Simon Haskel on the reality of employment in the UK behind the government’s top-line numbers
“There are lies, damn lies and statistics”. That’s my attitude towards a debate initiated in the Lords today on employment levels.
The level of employment has to be considered, not just in terms of numbers and the economy but also the human aspect. Its effects, both on people and on fairness in our society.
There was a time when the government was going to create employment by means of an industrial strategy – and one that would balance the economy and the country. It says so in the Coalition Agreement: higher tech growth, skilled jobs, advanced technology, lower North/South divide. This has manifestly failed.
Yes we have growth, but it is based on increased consumption, on a property boom, and on trading in finance – a zero sum game which benefits a few. Trading in goods and services benefits us all. The employment level has gone up but in a way that reflects this failed industrial strategy.
As a recent report from The Resolution Foundation makes clear, some 5 million of UK workers meet the definition of low pay set by the OECD. We have a higher proportion of low paid jobs than most OECD countries. Of course low pay in many of these jobs is topped up by the government through the tax system, so giving people a chance to makes ends meet; and at the same time keeping up the employment figures. However, instead of subsidising low pay, the government should be encouraging people to run their businesses better, helping them to raise productivity so they can pay a living wage.
Then there is the matter of productivity. In February, the Office of National Statistics gave its final productivity estimates. Last year, the output per hour in the UK was 21% below the average for the rest of the major G7 industrialised economies. It was also lower than the previous year, and 3% below the level in 2007 – the year before the recession.
What this all demonstrates is that the Coalition has maintained the high level of employment thanks to the high number of low paid jobs needed in a low productivity economy. A strong indicator if there ever was one that we are in a race to the bottom.

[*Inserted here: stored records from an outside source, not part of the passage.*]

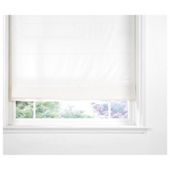 Fabric Roman Blind, Natural 140cm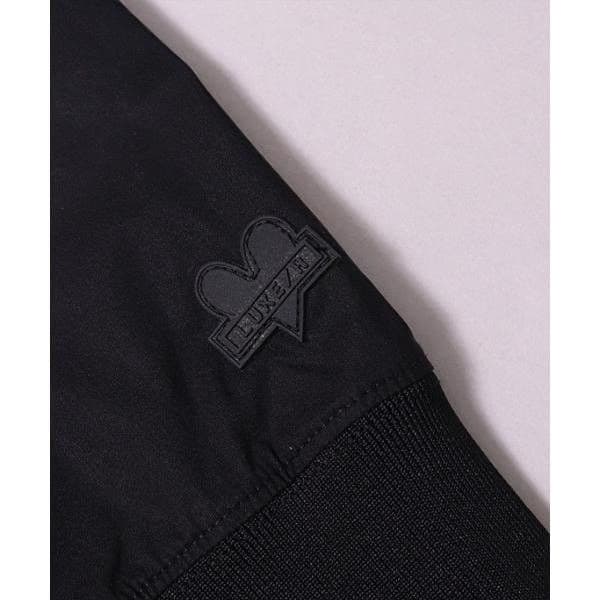 LUXE/R GOLF ストレッチ布帛ペイズリーパーカー 45844GRM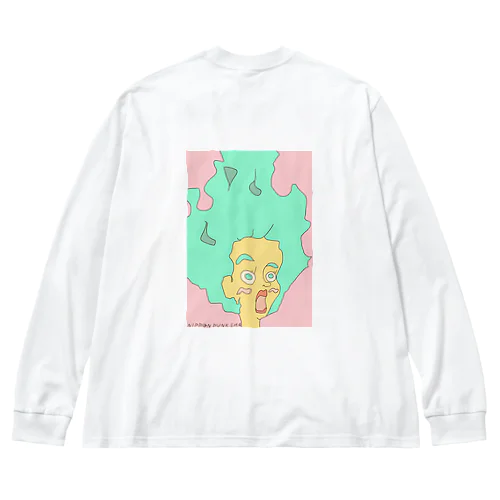 NIPPONPUNKSHA Big Long Sleeve T-Shirt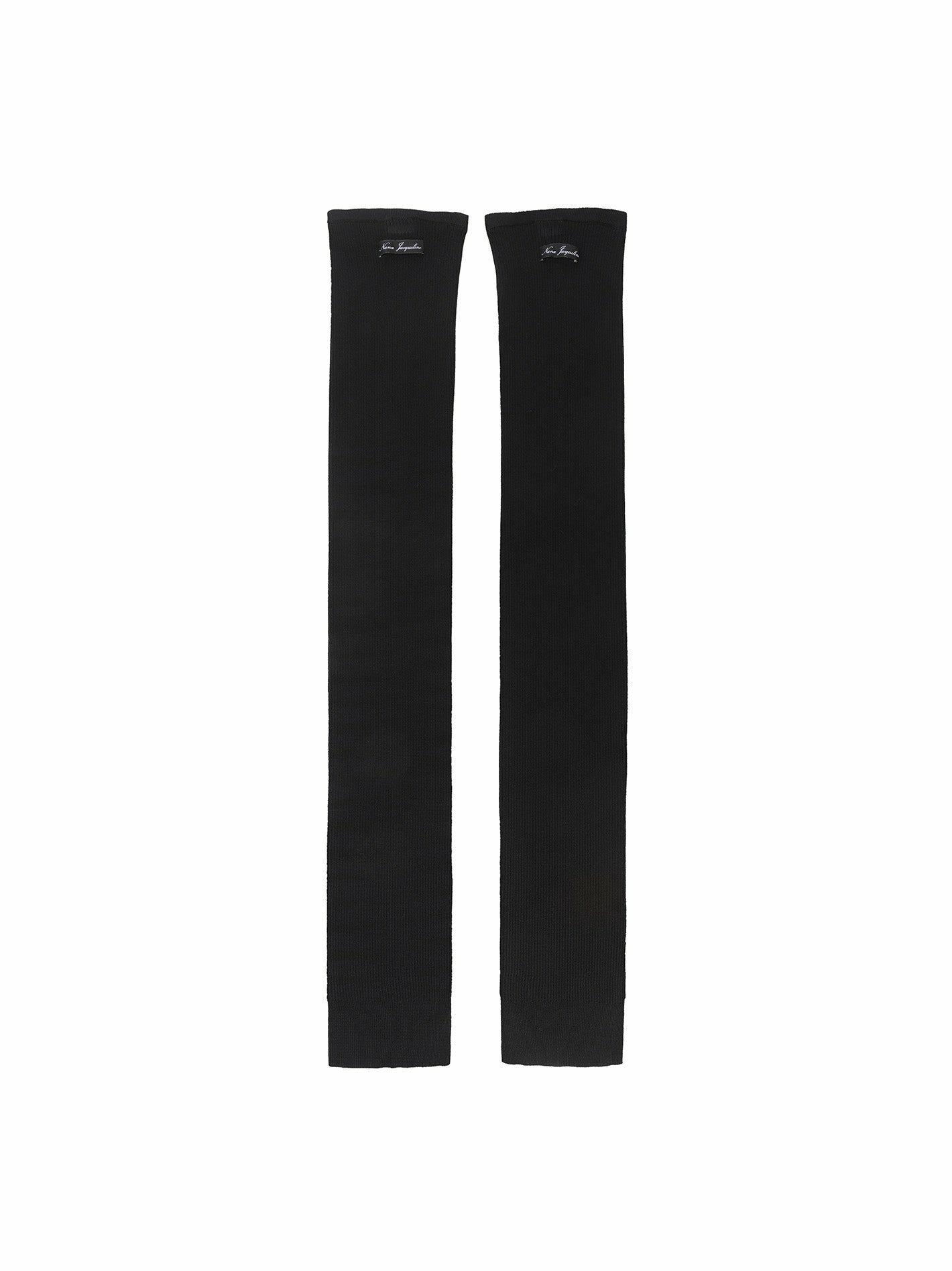 Nana Jacqueline Kendall Leg Warmers: Black Leg Warmers for Dance Class Black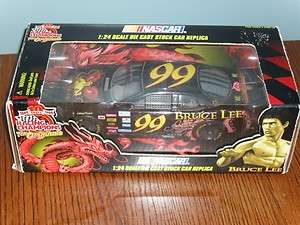 NASCAR Die Cast Stock Car BRUCE LEE #99 in box  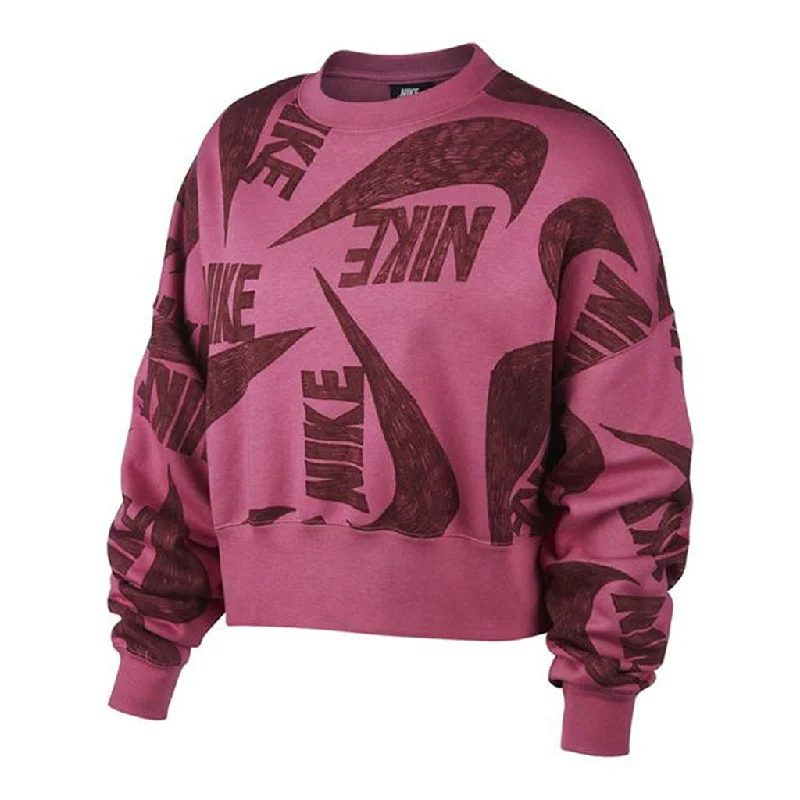 Buy Now WOMEN'S ICON CLASH CREW FLEECE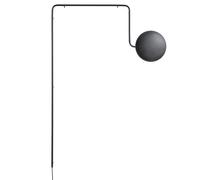Woud Applique Murale Mercury Noir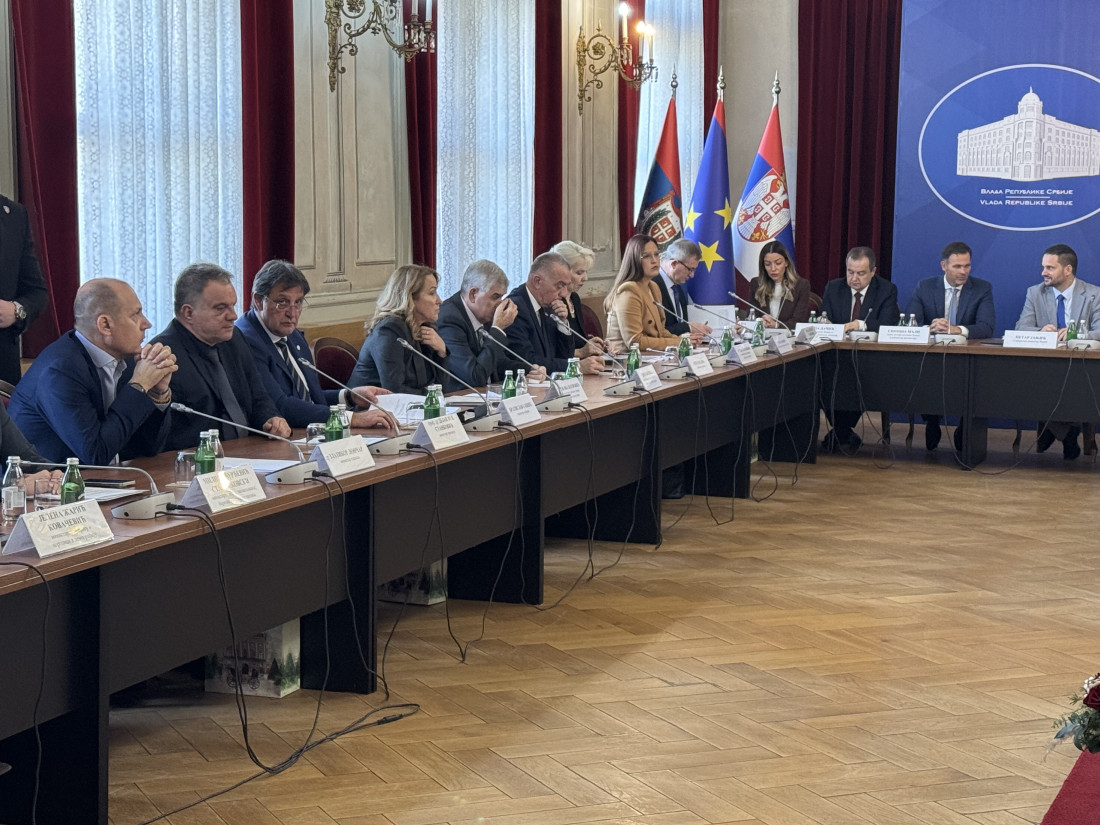 Zajednička sednica Vlada Srbije i Vojvodine: Poljoprivreda stub ekonomije (FOTO/VIDEO)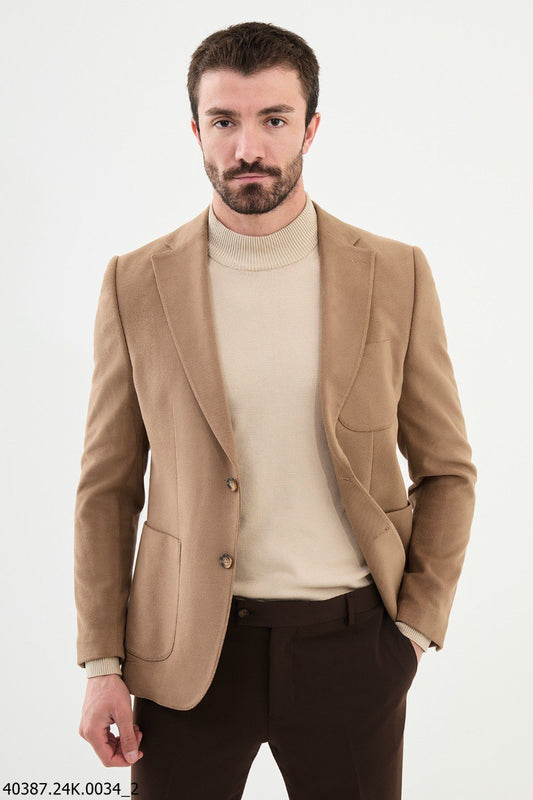 Lorenz Beige Blazer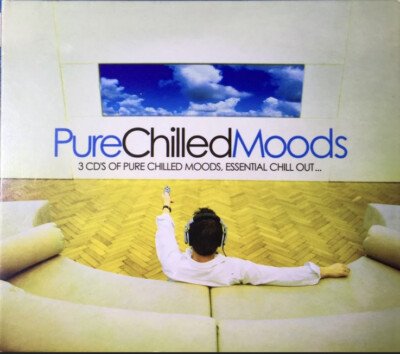 PURE CHILLED MOODS - VARIOS 3Cd 's Nuevo  NO PRECINTADO 2
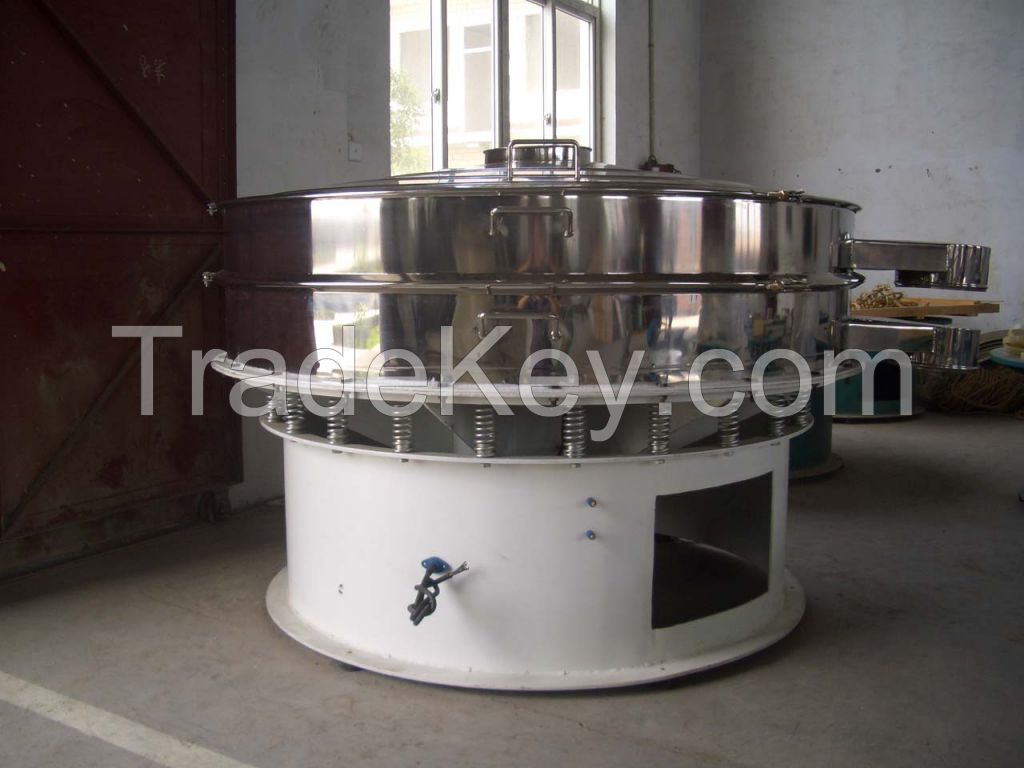 Stainless steel vibro milk powder sieving machine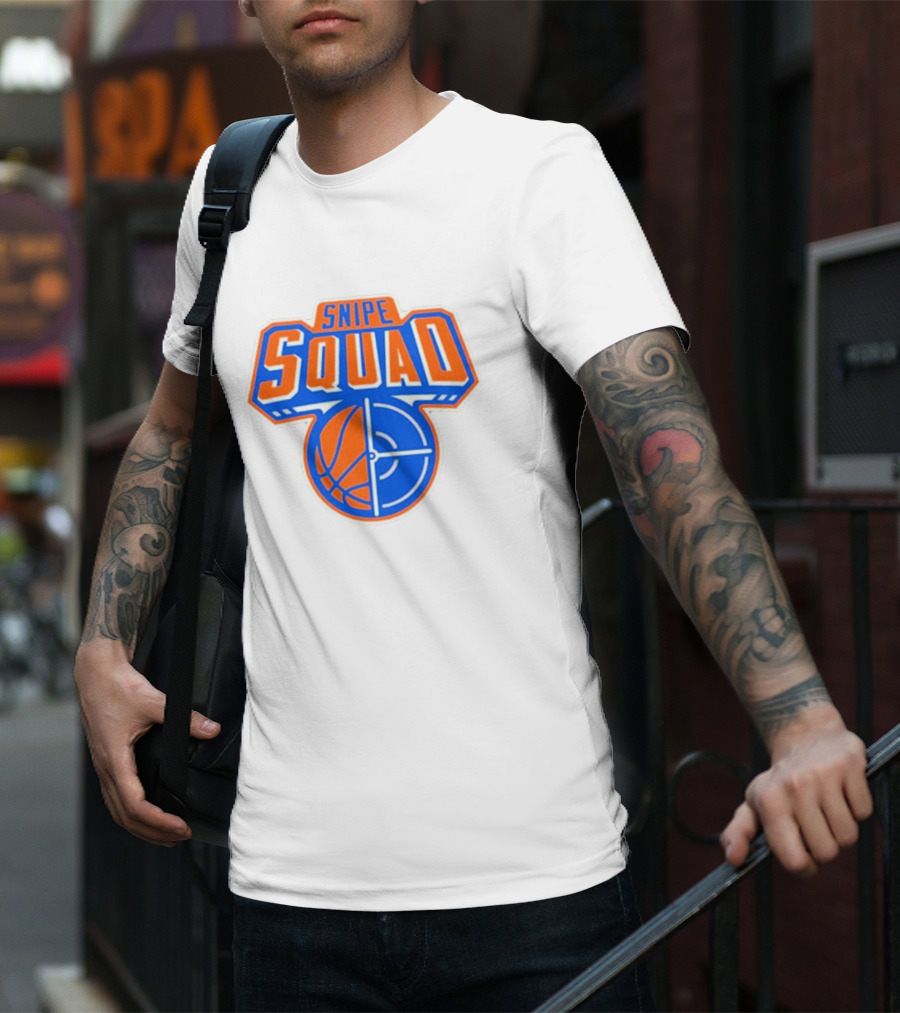 Snipe Squad Oklahoma City Thunder Basketball T-Shirt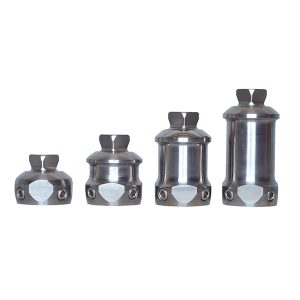 ADAPTADOR DOBLE PIRAMIDAL MACHO / HEMBRA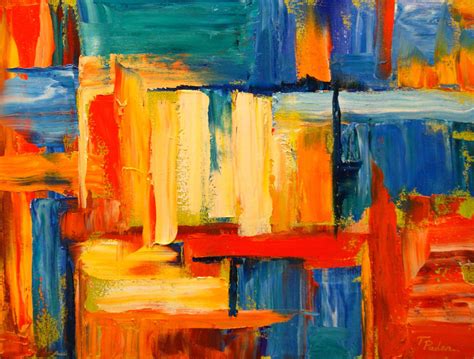 Ten Best Techniques And Ideas For Abstract Painting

Is this how we are going to pay our way in a globalised economy? Is this how we are going to cut down on the number of immigrants? People needed to do all the low skill, low paid entry level jobs. Is this how we are going to build up our exports to deal with our balance of payments and borrowing? Even with rising levels of employment, is this the kind of leadership which inspires growth and innovation or delivers a fair society?
Successful leadership means that people have to think that you believe in what they believe. If they think that all you care about is the numbers then you’re in trouble. And the kind of insecurity and inequality we’re now witnessing means social and economic trouble.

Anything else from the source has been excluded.